Reorganization of mossy fiber projections after severe injury. (A) Representative Timm and Nissl counter-stained coronal section (~Bregma −2.0mm) from a mouse after severe controlled cortical impact TBI. (B) Timm and Nissl stained horizontal section from a control mouse. (C) Timm and nissl stained section from the contralateral hemisphere of an injured mouse 42d post CCI. (D) Staining in the septal dentate gyrus ipsilateral to the lesion revealed mossy fiber sprouting into the inner molecular layer (arrows) at the same septotemporal level and in the same mouse as in C. (E–G) Higher power images of B–D. Scale bars: 500μm in A, 100μm in B–D, 25μm E–G.

Figure 2

Mossy fiber sprouting progresses with time after CCI injury. Sprouting was typically confined to the septal dentate gyrus of the ipsilateral hemisphere. Timm score ranges are given for three groups (controls, injured ipsilateral hemisphere, and injured contralateral hemisphere) from septal (A) and temporal (B) dentate gyrus 7d after severe injury, septal (C) and temporal (D) dentate gyrus 42–71d after severe injury, and septal (D) and temporal (E) dentate gyrus 42–71d after mild injury.

Figure 3

Paired-pulse ratios in the dentate gyrus are reduced in slices from injured mice with mossy fiber sprouting 42–71d after injury. (A) Representative field-potential recordings evoked by paired-pulsed stimulation of perforant path input to the dentate gyrus at 20, 40, 80, and 160ms interpulse intervals in controls, CCI injured mice with no mossy fiber sprouting (MFS), and CCI injured mice with MFS. Facilitation of the second population spike was observed at all intervals in controls and injured mice without mossy fiber sprouting. Paired-pulse ratios were significantly decreased in slices from injured mice with mossy fiber sprouting at early (20ms and 40ms) but not later (80ms and 160ms) intervals. (B) Bar graph showing the mean PPR for all slices at 20, 40, 80, and 160 ms (n=15–46).

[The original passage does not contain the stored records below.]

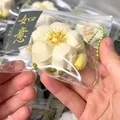 Giocattolo antistress morbido a forma di fiore bianco in una busta a sorpresa - Torta all'Osmanto Beige
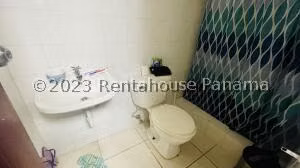 Venta de Apartamento con 142m2 en San Francisco PH Torres Coco Mar 26-6889SR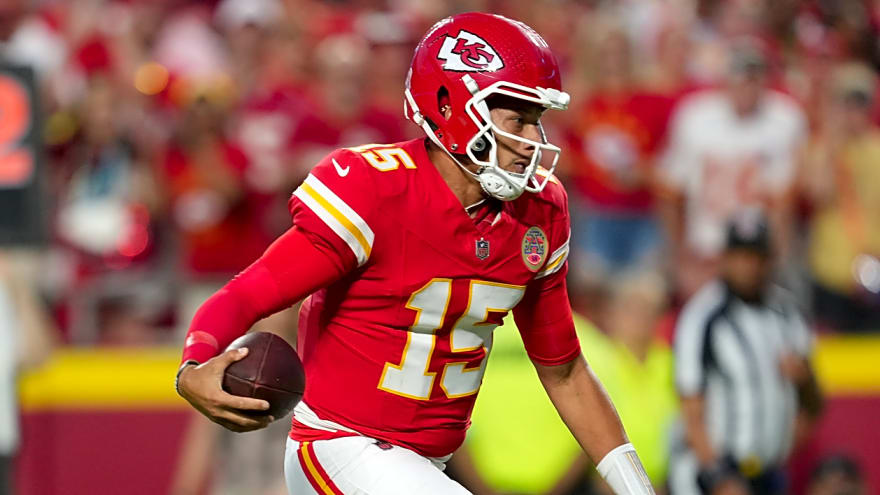 Chiefs' Patrick Mahomes provides update on his knee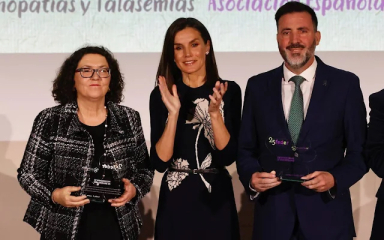 Royal Style: Tea and Tiaras - no stylish woman left behind!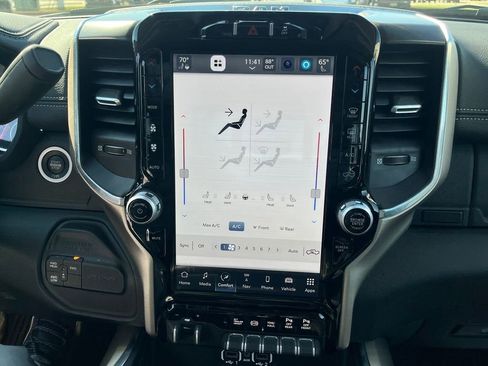 Used 2024 RAM 3500 Laramie w/ Towing Technology Group image 32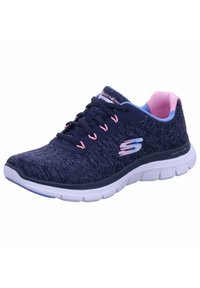 Zapatillas deportivas en color navy con tela texturizada, cordones rosas y detalles azules. Cuentan con una suela blanca acolchada y un logotipo destacado en el lateral.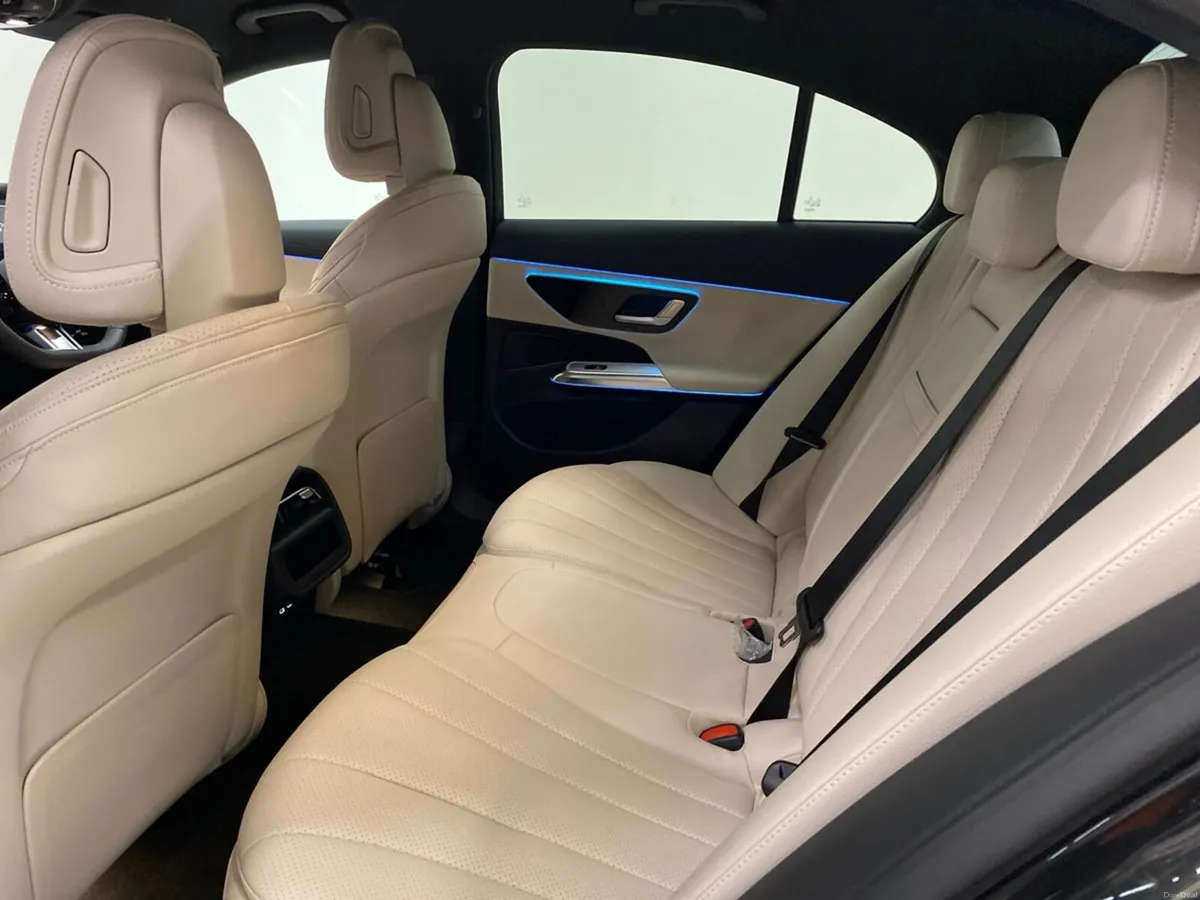 Mercedes-Benz E-Class E 300e AMG EDITION PLUS | 36 - Image 4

Bars represent means ± S.E.M. Asterisks (*) represent a significant reduction in paired-pulse ratios as determined by one-way ANOVA with Tukey’s post hoc analysis (P < 0.01).

Figure 4

Electrical stimulation of mossy fibers in the hilus evokes increased population responses in the dentate gyrus of mice with mossy fiber reorganization 42–71d after CCI injury. (A, B) Hilar-evoked responses in controls and injured mice without mossy fiber sprouting consisted of a single population spike in normal ACSF and in Mg²⁺-free ACSF containing PTX. (C) Evoked responses in a slice from a CCI-injured mouse with moderate mossy fiber sprouting. A single population spike was evoked in normal ACSF. Multiple population spikes were evoked in Mg²⁺-free ACSF containing PTX. (D) Hilar stimulation evoked a single population spike in normal ACSF in a slice with robust mossy fiber sprouting. In Mg²⁺-free ACSF containing PTX, a prolonged negative field-potential shift with secondary population activity was evoked. (D) The underlined portion of the trace in D is expanded below to demonstrate the initial population spike followed by secondary activity. Insets provide representative Timm’s stains demonstrating the level of mossy fiber sprouting typical of slices that produced each response.

Figure 5

Increased excitability is revealed in the dentate gyrus of CCI-injured mice during disinhibition. (A) Hilar stimulation in normal ACSF evoked a single population spike in nearly all slices from injured and control animals. (B) Average Timm scores for slices in which a single population spike, multiple population spikes, or prolonged negative field shifts were evoked in the presence of Mg²⁺-free ACSF containing PTX. Bars represent means ± S.E.M. Single asterisks (*) represent P < 0.01 and double asterisks (**) represent a P < 0.001 as determined by Kruskal-Wallis with Dunn’s post hoc analysis. (C) Relative range of hilar-evoked population responses in Mg²⁺-free ACSF containing PTX.

Figure 6

Spontaneous population activity during disinhibition in slices from control and injured mice. (A) Field-potential recordings in the dentate gyrus of a control mouse demonstrate spontaneous positive-going field potential deflections. (B) Spontaneous epileptiform activity consisting of large amplitude negative going field shifts and spontaneous population spikes observed in the dentate gyrus of a mouse with mossy fiber sprouting. Arrows in A and B indicate expanded portions of the respective traces.